(Entries taken from a collection)
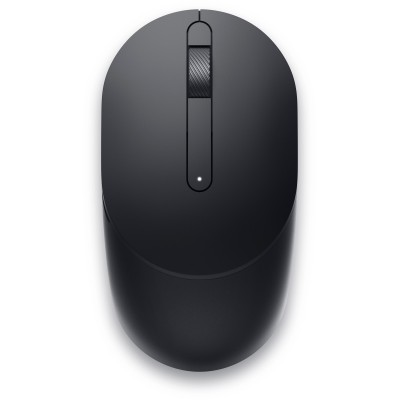 Миша Dell Full-Size Wireless Mouse - MS300 (570-ABOC) Миша Dell Full-Size Wireless Mouse - MS300 (570-ABOC)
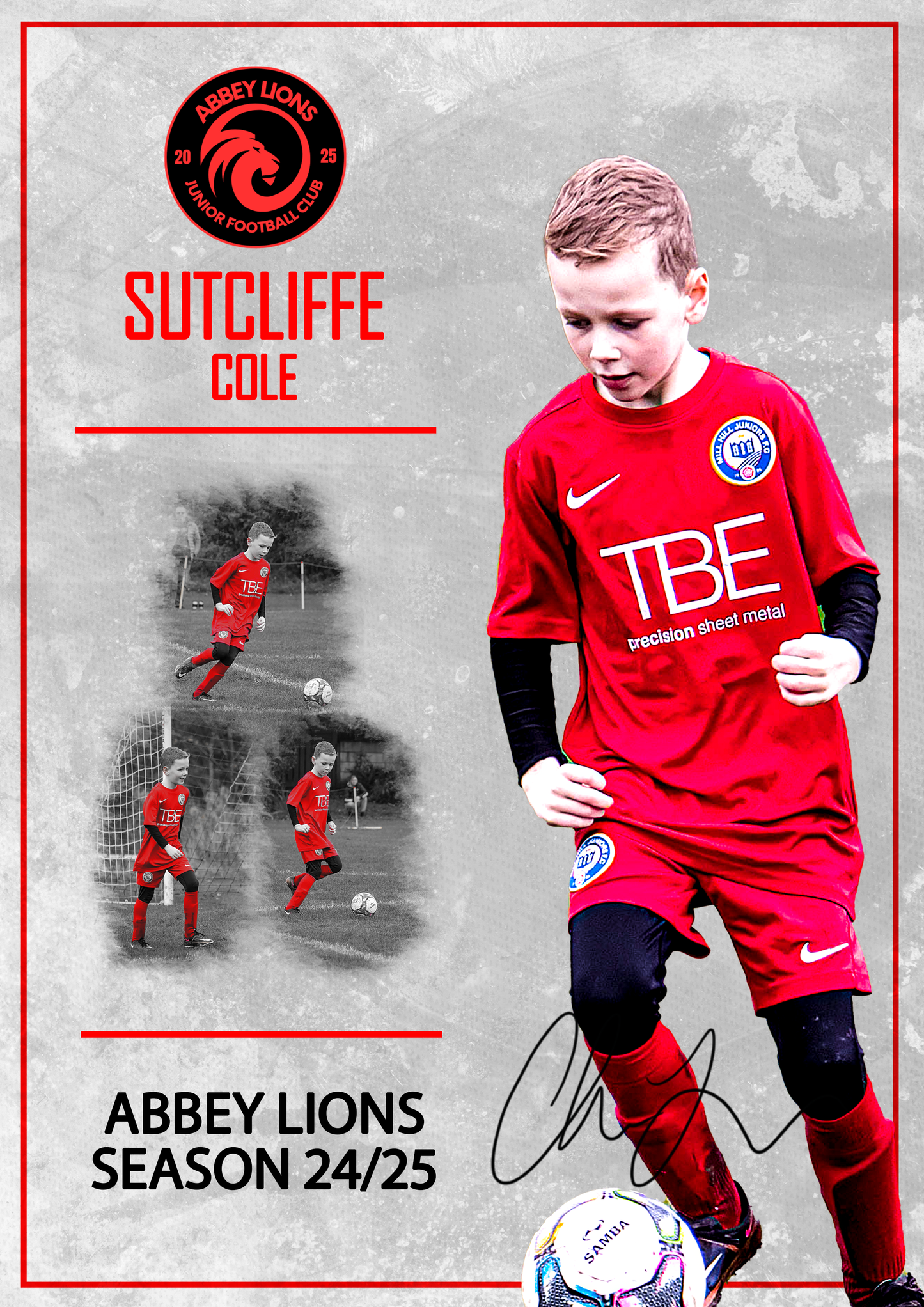 Cole Abbey.png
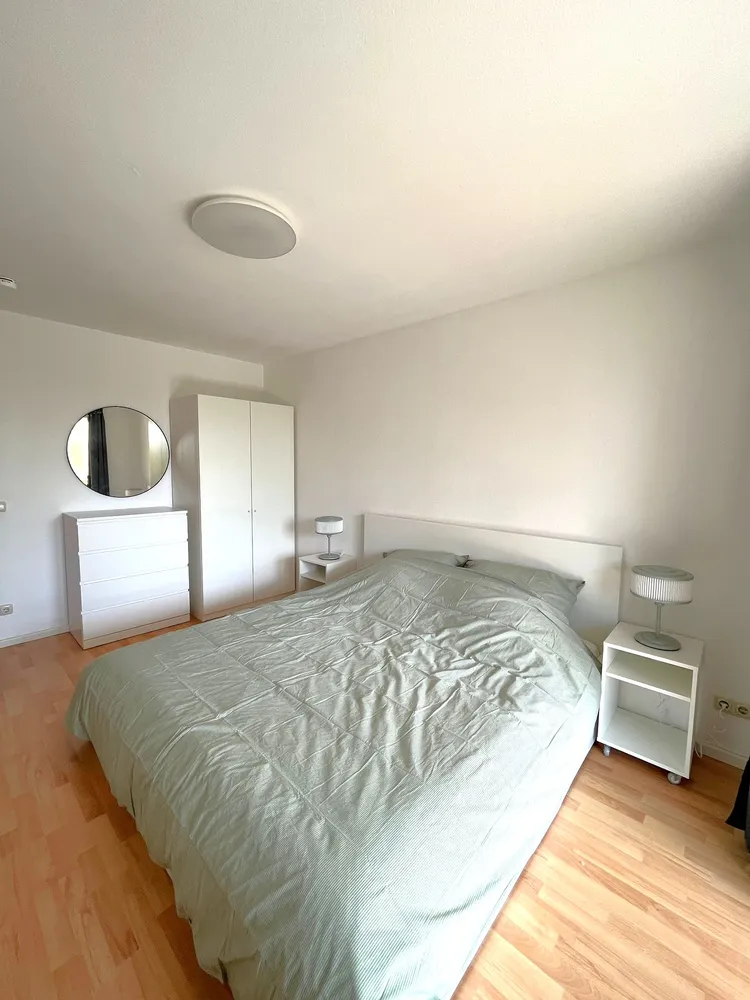 3 Zimmer Wohnung mit 77 m² in Berlin – Bild 7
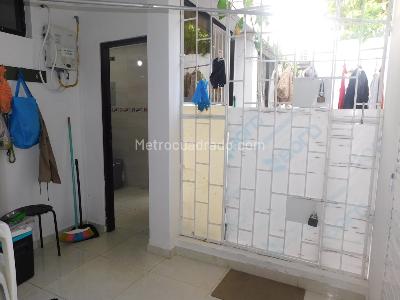 Apartamento de 3 alcobas en arriendo en Las Delicias, Barranquilla, 146 m² · foto 16 de 20
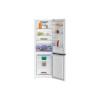 Холодильник Beko B3R0CNK362HW 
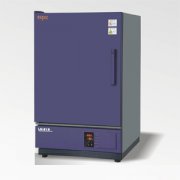    ESPEC 恒温（恒湿）箱LHU-213(全新/二手)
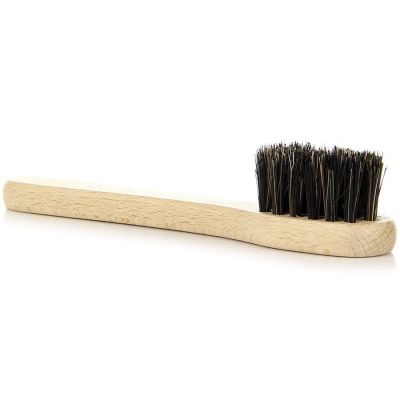 13. Coccine small shoe brush DA0248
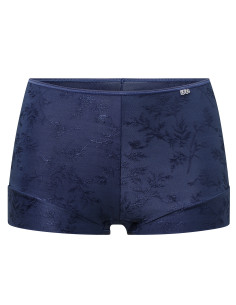 Avet 38049 Boxer Flower Jacquard - i flera färger 2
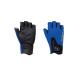  Shimano GL-092Q жемчуг Fit перчатка 5 M голубой 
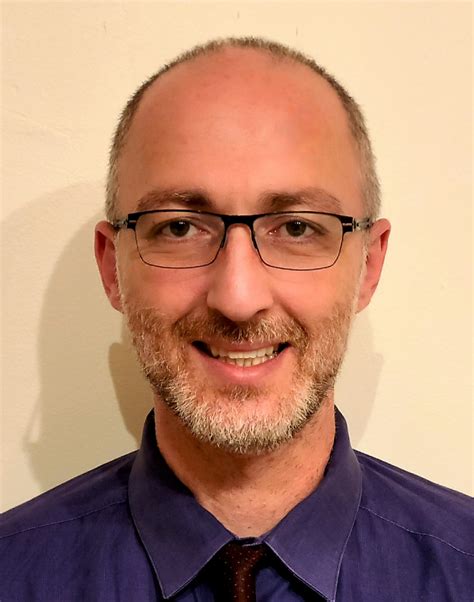 mike sherman bio photo  child parent psychotherapy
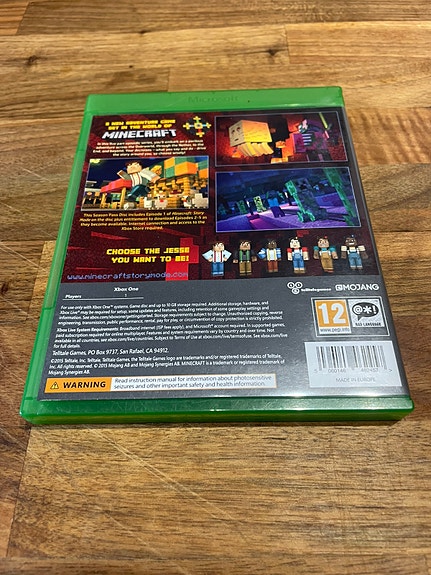 Product image 2 of 2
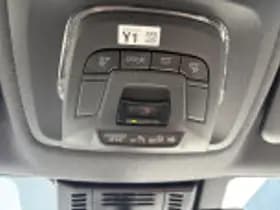 Toyota C hr thumbnail 72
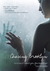 Chasing Brooklyn  (Paperback)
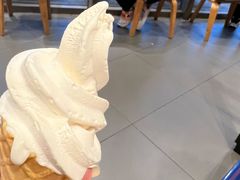 -汉堡王(嘉定宝龙城市广场)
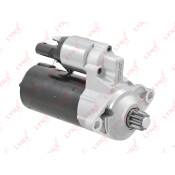 Стартер LYNXauto, арт. ES-1389
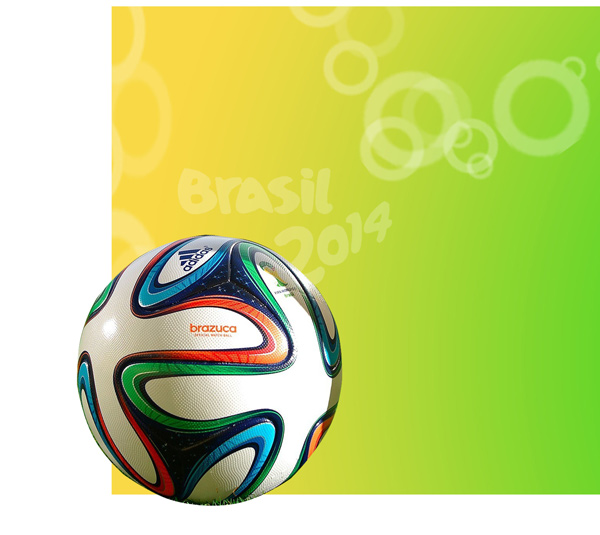 Brazuca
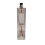 BUSTAMANTE MUY MIA EDT 100 ml SPRAY SIN CAJA SIN TAPÓN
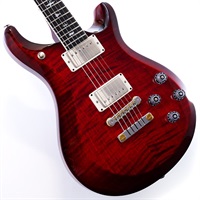 S2 10th Anniversary McCarty 594 (Fire Red Burst) #S2065943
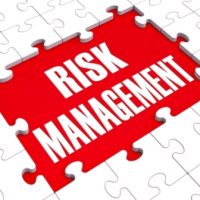 Schools, Colleges & Universities offering Certificate Higher Diploma and Diploma in Risk Management and Insurance Course in Kenya Intake, Application, Admission, Registration, Contacts, School Fees, Jobs, Vacancies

[Aim of the exercise]
The lines to copy begin at the one containing "S2 10th Anniversary" and end at the last line of the records. Set down exactly those lines and no others, both ends included, and omit all pictures.

[Written answer]
 S2 10th Anniversary McCarty 594 (Fire Red Burst) #S2065943
 Schools, Colleges & Universities offering Certificate Higher Diploma and Diploma in Risk Management and Insurance Course in Kenya Intake, Application, Admission, Registration, Contacts, School Fees, Jobs, Vacancies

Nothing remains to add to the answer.